To find the value of the series, we need to find the limit of \(S_n\) as n approaches infinity: $$\lim_{n\to\infty} S_n = \lim_{n\to\infty} \frac{\frac{2}{3}(1-\left(\frac{1}{3}\right)^n)}{1-\frac{1}{3}}$$ Since the common ratio \(r\) is between -1 and 1 (-1<\(\frac{1}{3}\)<1), the limit converges to: $$\lim_{n\to\infty} (1-\left(\frac{1}{3}\right)^n) = 1$$ Hence, the value of the series is: $$\sum_{k=1}^{\infty} \frac{2}{3^{k}} = \frac{\frac{2}{3}(1)}{1-\frac{1}{3}} = \boxed{1}$$

Key concepts

Partial Sums

When we discuss partial sums in the context of an infinite series, we are essentially considering a sequence of sums. Each sum, called a partial sum, is a finite sum of the first few terms of the series.
Let's break this down:

• First Term: The first partial sum, denoted as \( S_1 \), is simply equal to the first term of the series. For example, given an infinite series like \( \sum_{k=1}^{\infty} \frac{2}{3^{k}} \), the first term \( a_1 \) is \( \frac{2}{3} \), so our first partial sum \( S_1 = \frac{2}{3} \).
• Subsequent Terms: To find \( S_2 \), you add the first two terms together: \( S_2 = a_1 + a_2 = \frac{2}{3} + \frac{2}{9} = \frac{8}{9} \). This process repeats for more terms: \( S_3 = \frac{2}{3} + \frac{2}{9} + \frac{2}{27} = \frac{26}{27} \) and \( S_4 = \frac{2}{3} + \frac{2}{9} + \frac{2}{27} + \frac{2}{81} = \frac{80}{81} \).

Each partial sum gives us a closer approximation to the total sum of the series. This concept of partial sums becomes pivotal in understanding whether a series converges or diverges.

Convergence of Series

In mathematics, particularly in series, convergence refers to whether a series approaches a specific value as you add infinitely many terms. We can test convergence by observing the sequence of partial sums.
Convergence happens when the sequence of partial sums gets closer and closer to a particular value, even as the number of terms (or \( n \)) goes to infinity. Consider the infinite geometric series \( \sum_{k=1}^{\infty} \frac{2}{3^{k}} \):

• Behavior of Terms: As \( n \) increases, each term \( a_n = \frac{2}{3^n} \) becomes smaller, meaning the new terms contribute less to the partial sums.
• Limit of Partial Sums: We find the limit of the partial sums \( \lim_{n\to\infty} S_n \). For our series, this limit equals 1, indicating convergence to this specific value.

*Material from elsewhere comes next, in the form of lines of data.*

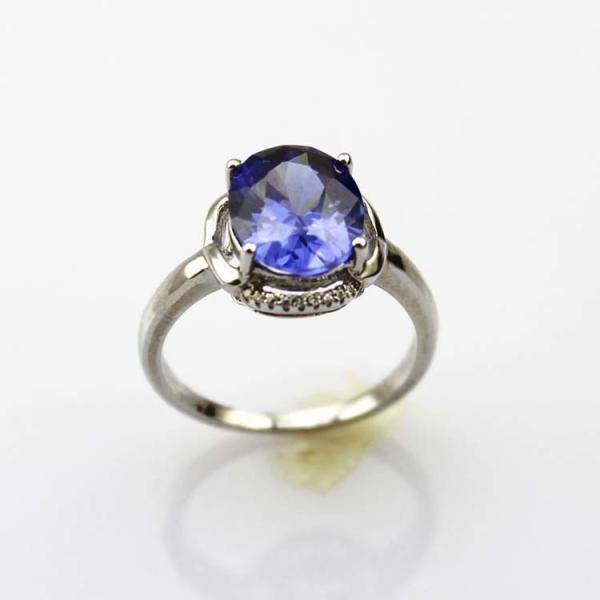 White Gold Plated 925 Silver Tanzanite Cubic Zircon Gemstone Ring (R227)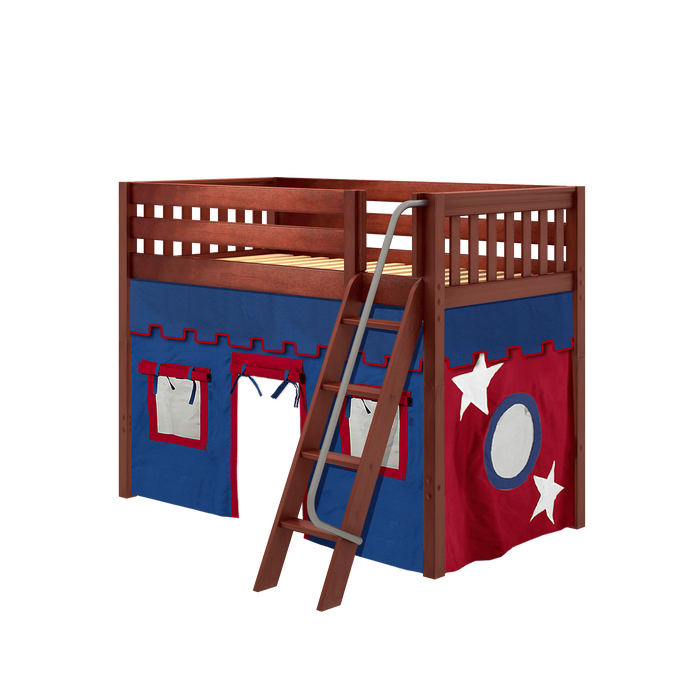 Maxtrix Twin Mid Loft Bed with Angled Ladder + Curtain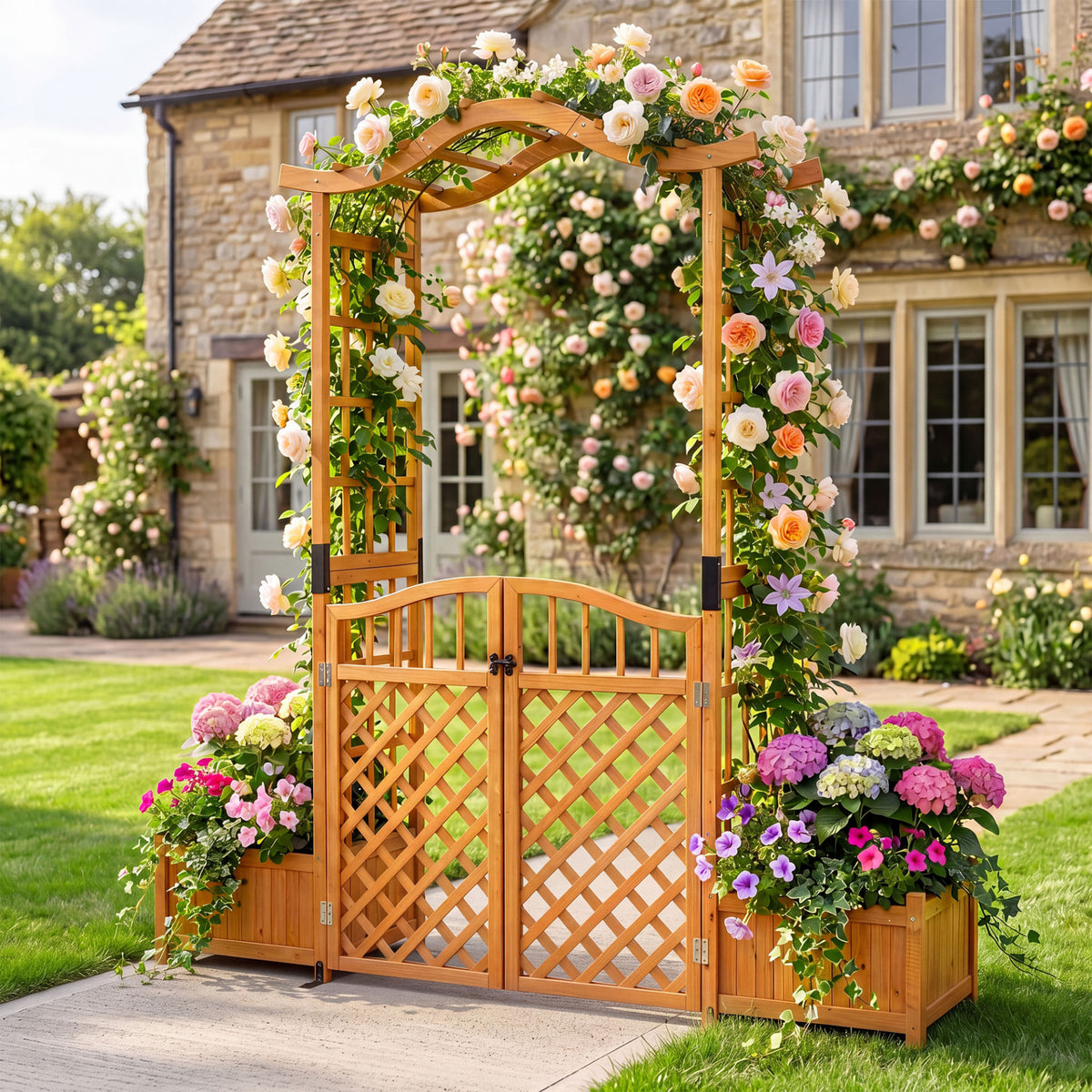 210 cm Garden Arbor with Gate for Climbing Plants Wedding-Brown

The critical factor in determining convergence is the common ratio. If the absolute value of this ratio \( |r| \) is less than 1, the series will converge. In our example, the common ratio is \( \frac{1}{3} \), which satisfies this condition, thus the series converges to 1.

Geometric Series Formula

The geometric series formula is a powerful tool for analyzing and evaluating the sums of both finite and infinite geometric series. It provides a simple way to express the sum of a series based on its first term, common ratio, and number of terms.
For a geometric series with first term \( a_1 = \frac{2}{3} \) and common ratio \( r = \frac{1}{3} \), the sum of the first \( n \) terms, \( S_n \), is calculated using:

• The formula is given by \( S_n = \frac{a_1(1-r^n)}{1-r} \).
• The numerator represents the product of the first term and a term that decreases as \( n \) increases, given by \( 1-r^n \).
• The denominator, \( 1-r \), ensures we are dividing by the complement of the ratio, leading to simplified results.

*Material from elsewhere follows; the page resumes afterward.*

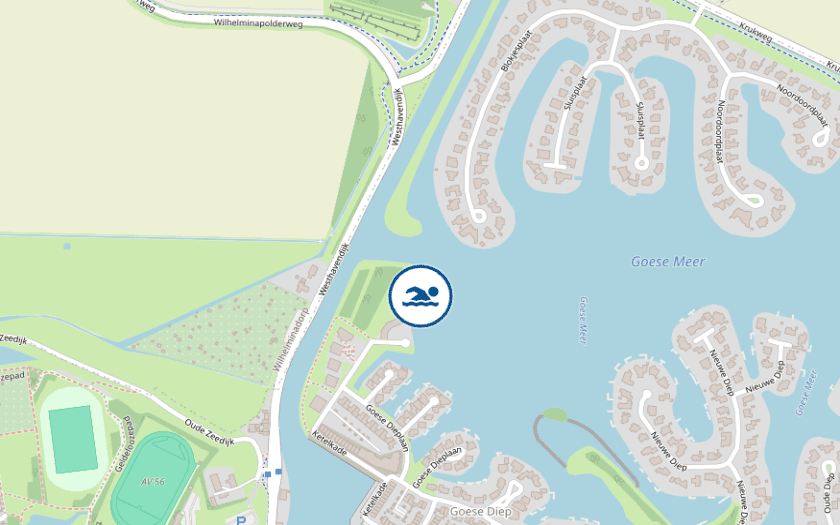 Kaart Open water zwemplek Goese Meer Goes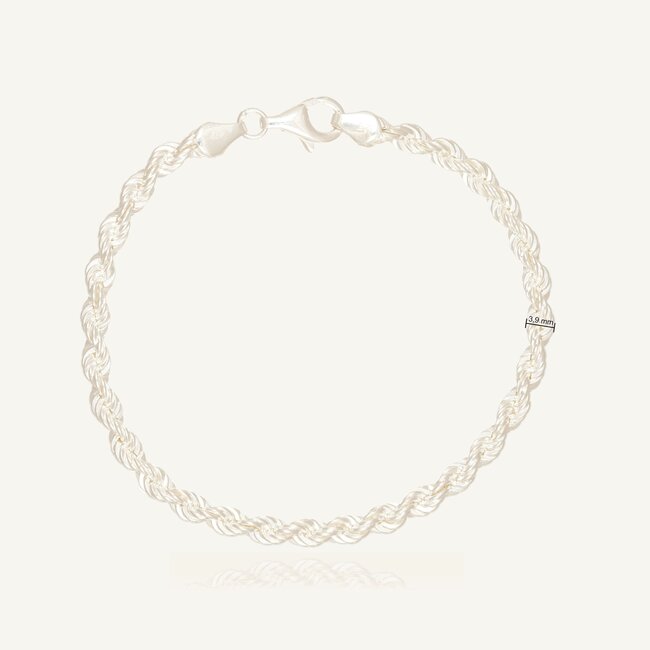 Elegante Zilveren Rope Schakelarmband ca. 3.9 mm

When \( n \) becomes very large, as in an infinite series, the term \( r^n \) approaches zero if \( |r| < 1 \). This effectively gives the sum of an infinite geometric series:
\( S = \frac{a_1}{1-r} \)
In practical terms, for our series \( \sum_{k=1}^{\infty} \frac{2}{3^{k}} \), we substitute to find that it converges to the value 1, confirming what was previously derived by the limit of partial sums.